The join condition is not pushed down to a subquery containing UNION ALL
when even a single query within the subquery contains a WHERE clause. This
issue prevents the optimizer from creating a plan that utilizes the index on
the join column. However, when the WHERE clause is moved to the top-level
query, the optimizer produces the desired plan.

EXPLAIN
WITH
  targets AS (
    SELECT 'bike' AS vehicle, id, dealer_name, frame_size FROM bikes WHERE
frame_size = 52
    UNION ALL
    SELECT 'car' AS vehicle, id, dealer_name, null::int AS frame_size FROM
cars
  )
SELECT
  dealers.name dealer,
  targets.vehicle,
  targets.id
FROM
  dealers
  JOIN targets
    ON dealers.name = targets.dealer_name
WHERE
  dealers.id IN (54,12,456)
;
---
Hash Join  (cost=16.91..4587.77 rows=325 width=41) (actual
time=0.270..27.133 rows=275 loops=1)
  Hash Cond: (""*SELECT* 1"".dealer_name = dealers.name)
  ->  Append  (cost=0.00..4026.20 rows=108280 width=41) (actual
time=0.009..20.376 rows=108222 loops=1)
        ->  Subquery Scan on ""*SELECT* 1""  (cost=0.00..1908.80 rows=8280
width=41) (actual time=0.009..6.708 rows=8222 loops=1)
              ->  Seq Scan on bikes  (cost=0.00..1826.00 rows=8280 width=45)
(actual time=0.009..6.114 rows=8222 loops=1)
                    Filter: (frame_size = 52)
                    Rows Removed by Filter: 91778
        ->  Seq Scan on cars  (cost=0.00..1576.00 rows=100000 width=41)
(actual time=0.012..8.433 rows=100000 loops=1)
  ->  Hash  (cost=16.88..16.88 rows=3 width=5) (actual time=0.017..0.018
rows=3 loops=1)
        Buckets: 1024  Batches: 1  Memory Usage: 9kB
        ->  Index Scan using dealers_pkey on dealers  (cost=0.28..16.88
rows=3 width=5) (actual time=0.009..0.015 rows=3 loops=1)
              Index Cond: (id = ANY ('{54,12,456}'::integer[]))
Planning Time: 0.148 ms
Execution Time: 27.170 ms



Moving the WHERE clause to the top-level query produces a more efficient
query execution plan.

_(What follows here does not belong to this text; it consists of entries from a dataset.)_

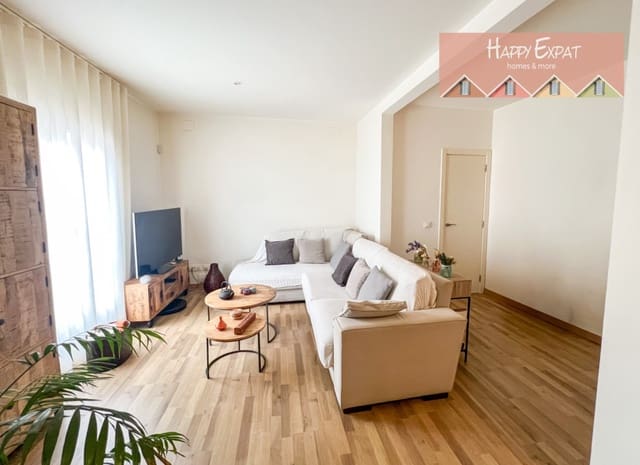 3 chambre Appartement à vendre à Vilanova i la Geltrú - 330 000 € (Ref: 8993056)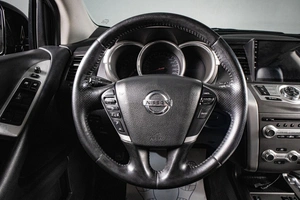Внедорожник Nissan Murano 2014 года, 1359000 рублей, Сургут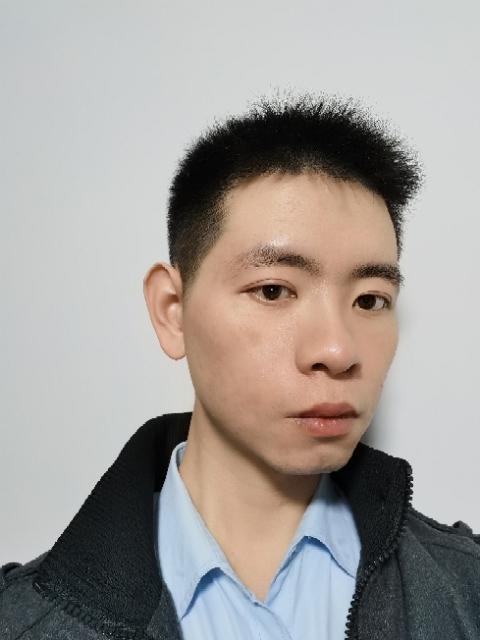 雨过天晴的第一张照片--大田征婚网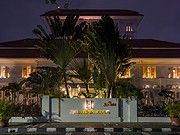 SPGʱۡżӴﶬƷ֮ѡ The Hermitage,<em>Tribute</em> <em>Portfolio</em>,Jakarta
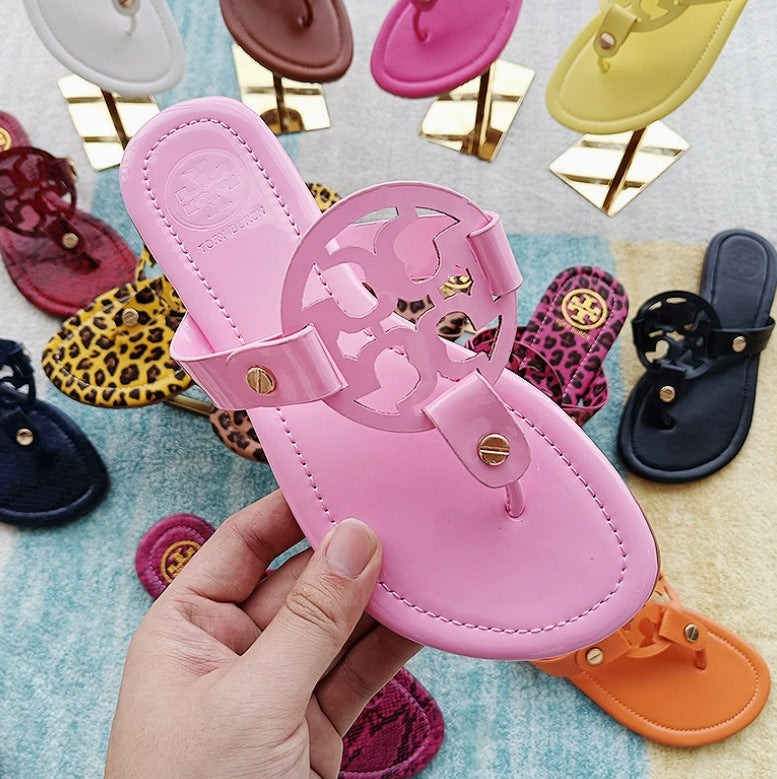 Global Elite Slippers For Women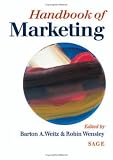 Handbook of Marketing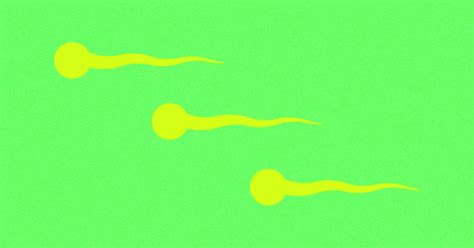 Scientists Say That Declining Sperm Count Research Is Nonsense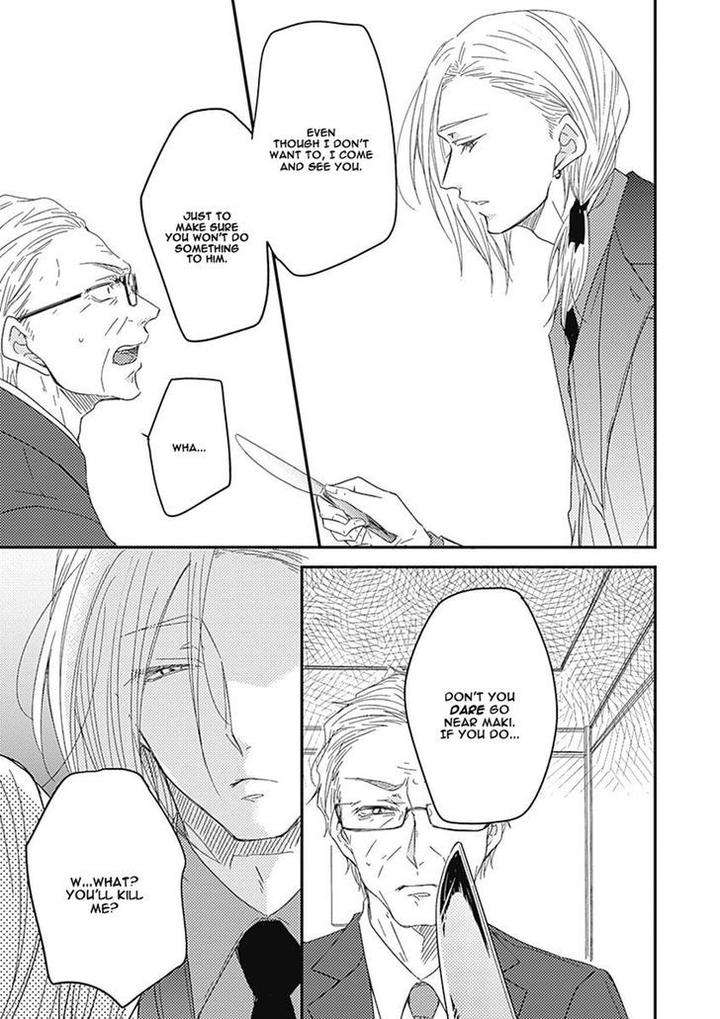 Shiawase-Gohan-Maki-Hanazawa-Nanoka-Eng page 20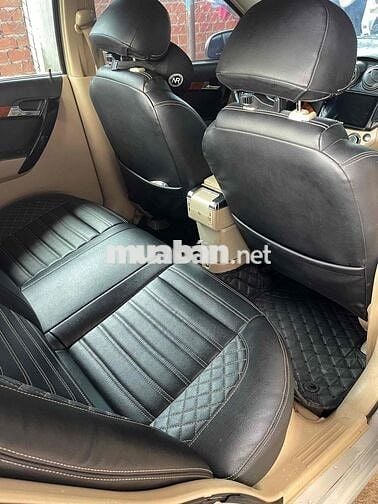 Chevrolet Aveo 2011 - 105000 km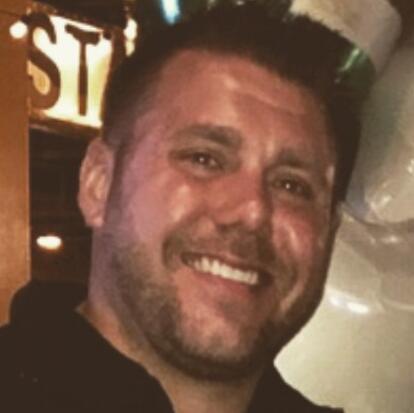 Nick Bruett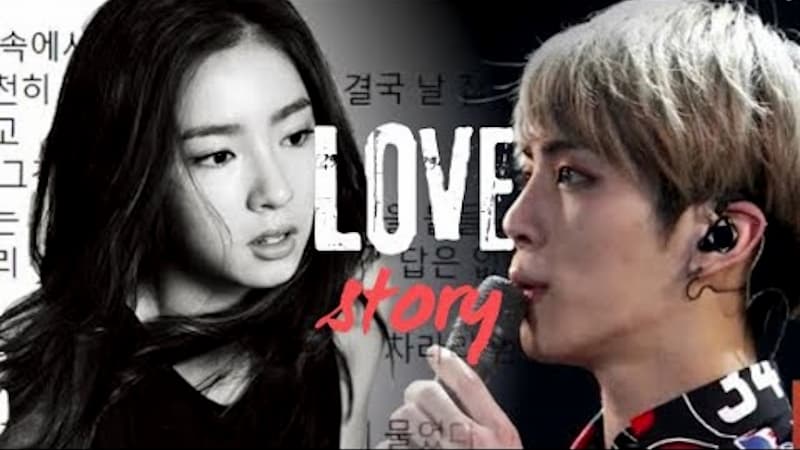 Личная Драма Джонхёна И Син Се Гён: Что Произошло На Самом Деле?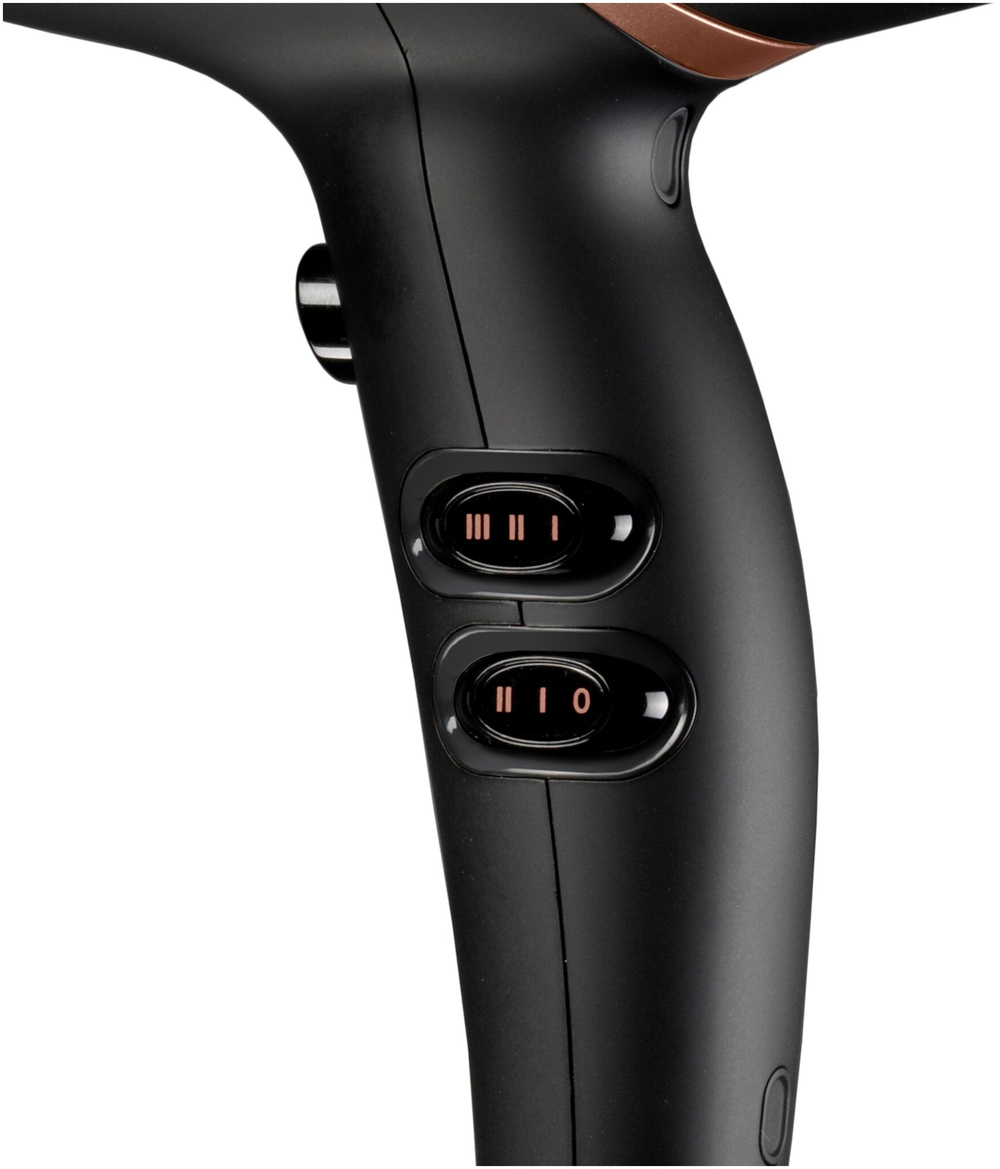 Фен BaByliss D566E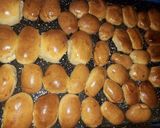 Foto del paso 4 de la receta: Pan de Chips 😄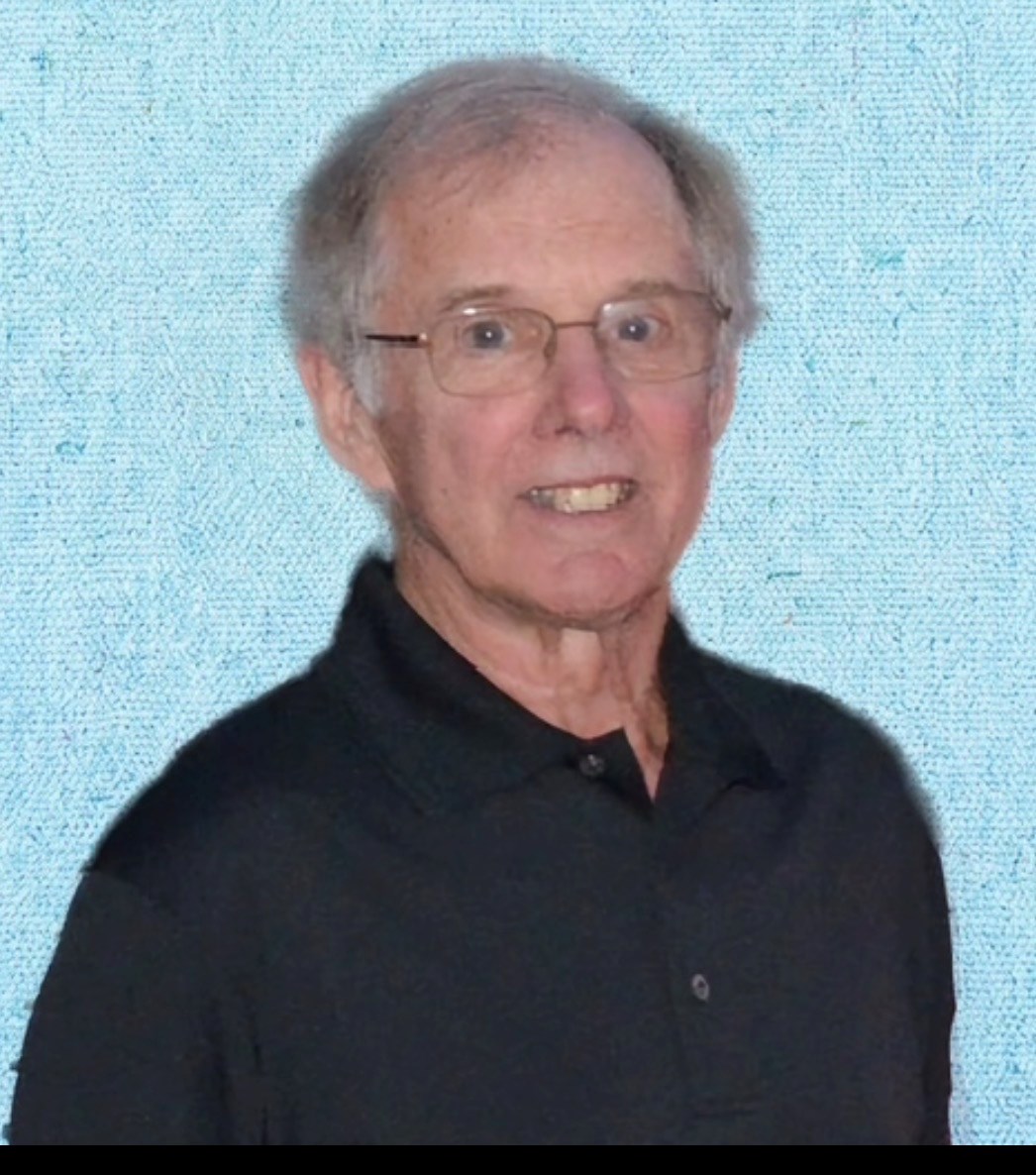 Obituary of Melvin "Mel" S. Clark Jr.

Example:

EXPLAIN ANALYZE
WITH
  targets AS (
    SELECT 'bike' AS vehicle, id, dealer_name, frame_size FROM bikes
    UNION ALL
    SELECT 'car' AS vehicle, id, dealer_name, null::int AS frame_size FROM
cars
  )
SELECT
  dealers.name dealer,
  targets.vehicle,
  targets.id
FROM
  dealers
  JOIN targets
    ON dealers.name = targets.dealer_name
WHERE
  dealers.id IN (54,12,456)
  AND (frame_size IS null OR frame_size = 52)
;
----
Nested Loop  (cost=5.32..1443.67 rows=325 width=41) (actual
time=0.106..0.815 rows=275 loops=1)
  ->  Index Scan using dealers_pkey on dealers  (cost=0.28..16.88 rows=3
width=5) (actual time=0.019..0.031 rows=3 loops=1)
        Index Cond: (id = ANY ('{54,12,456}'::integer[]))
  ->  Append  (cost=5.04..474.52 rows=108 width=41) (actual
time=0.048..0.250 rows=92 loops=3)
        ->  Bitmap Heap Scan on bikes  (cost=5.04..237.10 rows=8 width=41)
(actual time=0.045..0.123 rows=9 loops=3)
              Recheck Cond: (dealer_name = dealers.name)
              Filter: ((frame_size IS NULL) OR (frame_size = 52))
              Rows Removed by Filter: 91
              Heap Blocks: exact=274
              ->  Bitmap Index Scan on bikes_dealer_name_idx
(cost=0.00..5.04 rows=100 width=0) (actual time=0.010..0.010 rows=100
loops=3)
                    Index Cond: (dealer_name = dealers.name)
        ->  Bitmap Heap Scan on cars  (cost=5.07..236.87 rows=100 width=41)
(actual time=0.027..0.116 rows=82 loops=3)
              Recheck Cond: (dealer_name = dealers.name)
              Heap Blocks: exact=233
              ->  Bitmap Index Scan on cars_dealer_name_idx
(cost=0.00..5.04 rows=100 width=0) (actual time=0.017..0.017 rows=82
loops=3)
                    Index Cond: (dealer_name = dealers.name)
Planning Time: 0.238 ms
Execution Time: 0.863 ms

Unfortunately this workaround may become complex if there are multiple
filters for multiple tables, as each filtered column must be added to every
unioned query.


Here's a script to generate sample data for the example case:

CREATE TABLE dealers AS
SELECT
  id,
  (SELECT string_agg(CHR(65+(random() * 25)::integer), '') FROM
generate_series(1, 4) WHERE id>0) name
FROM generate_series(1, 1000) AS id
;
ALTER TABLE dealers ADD primary key (id);
CREATE INDEX ON dealers(name);

CREATE TABLE bikes AS
SELECT
  generate_series AS id,
  (SELECT name FROM dealers WHERE dealers.id = (SELECT (random()*1000)::int
WHERE generate_series>0)) AS dealer_name,
  (random()*12+50)::int as frame_size
FROM generate_series(1, 100000);
ALTER TABLE bikes ADD primary key (id);
CREATE INDEX ON bikes(dealer_name);

CREATE TABLE cars AS
SELECT
  generate_series as id,
  (SELECT name FROM dealers WHERE dealers.id = (SELECT (random()*1000)::int
WHERE generate_series>0)) AS dealer_name,
  (random()*7+14)::int as wheel_size
FROM generate_series(1, 100000);
ALTER TABLE cars ADD primary key (id);
CREATE INDEX ON cars(dealer_name);


Re: BUG #18152: Join condition is not pushed down to union all subquery

От
Tom Lane
Дата:
PG Bug reporting form <noreply@postgresql.org> writes:
> The join condition is not pushed down to a subquery containing UNION ALL
> when even a single query within the subquery contains a WHERE clause.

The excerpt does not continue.